O alto comandante militar iraniano Mohammad Jafar al‑Asadi declarou que a retomada das hostilidades com os Estados Unidos é "provável", apontando a falta de respeito americano aos acordos como principal motivador. A afirmação foi feita neste sábado, 3 de maio de 2026, após semanas de impasse nas negociações de cessar‑fogo iniciadas em abril.

Contexto histórico das tensões Irã‑EUA
Desde a Revolução Islâmica de 1979, o relacionamento entre Teerã e Washington tem sido marcado por confrontos diretos e sanções econômicas. Os episódios mais críticos incluem a crise dos reféns, a guerra Irã‑Iraque (1980‑1988) e a retirada do acordo nuclear de 2015.

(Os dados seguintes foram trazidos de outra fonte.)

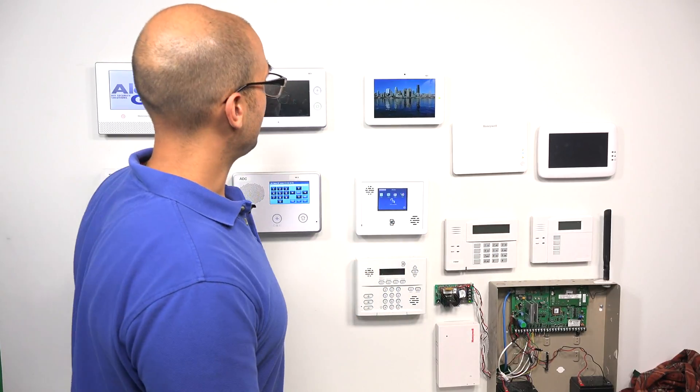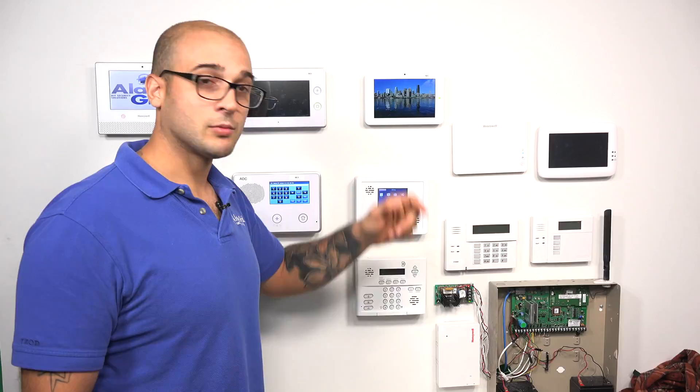Crash and smash is a great feature to use. It's only going to work on a system that is monitored with the central station, as crash and smash has to do with the interaction with central station. What crash and smash allows the system to do is that if an intruder breaks in the house and they smash the panel, it will still signal to central station, and central station is still going to dispatch as if the alarm was a real active burglary alarm. This prevents that scenario.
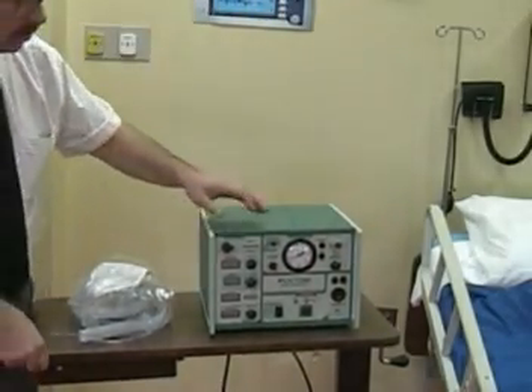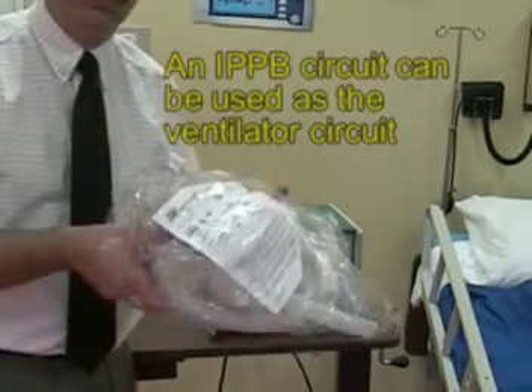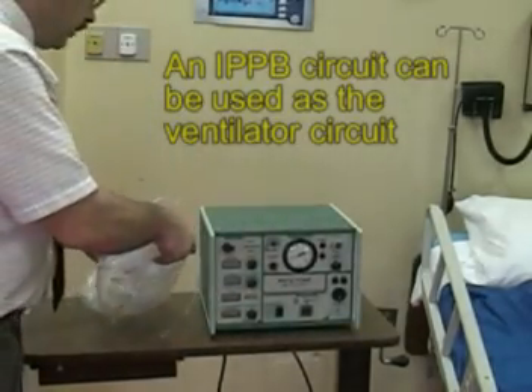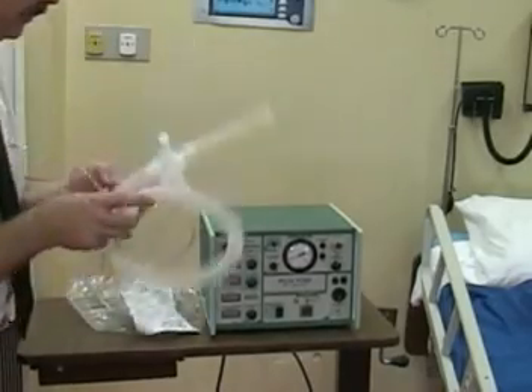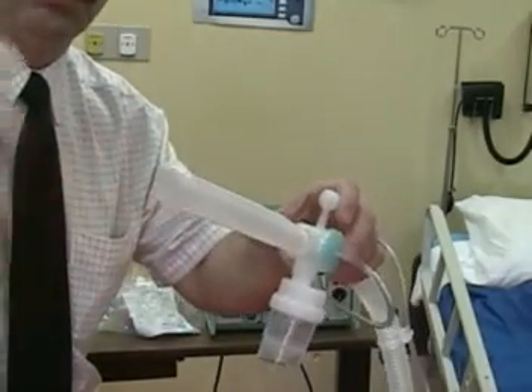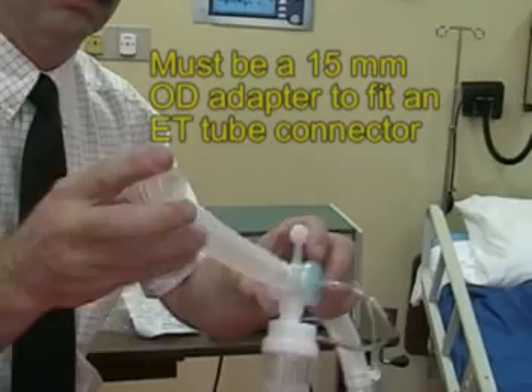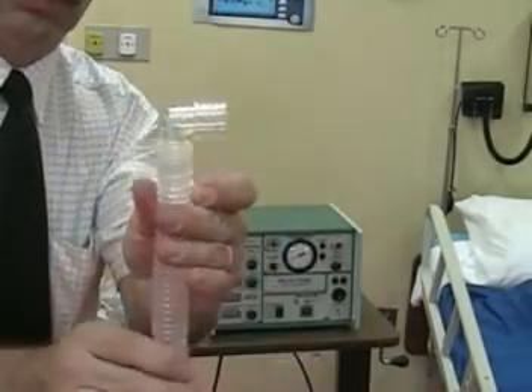Next, you will take a typical IPVB circuit, set it up as you would for an IPVB treatment, and then at the end of the flex tube you need to put a ventilator connector so that you can attach that to an endo tube.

Declarações recentes do comando militar iraniano

Al‑Asadi, vice‑inspetor do Comando Militar Central Khatam al‑Anbiya, acusou os EUA de violar "todas as promessas ou acordos" firmados nos últimos meses. Em entrevista à agência Fars, ele ressaltou que o cessar‑fogo vigente permanece "frágil" e que a retomada do conflito é inevitável se não houver mudança de postura americana.
Posicionamento dos Estados Unidos
O presidente Donald Trump enviou ao Congresso uma carta afirmando que as hostilidades "foram encerradas" com a entrada em vigor do cessar‑fogo em início de abril. Na mesma comunicação, Trump expressou insatisfação com a nova proposta iraniana, alegando dúvidas sobre a capacidade de Teerã aceitar um acordo.
Base legal americana: War Powers Resolution
A Lei de Poderes de Guerra dos EUA exige que o presidente notifique o Congresso e, em seguida, tenha 60 dias para encerrar operações militares ou obter autorização formal. O prazo de 60 dias, iniciado com a primeira ação militar em 4 de março de 2026, expirou em 3 de maio, coincidindo com a declaração de al‑Asadi.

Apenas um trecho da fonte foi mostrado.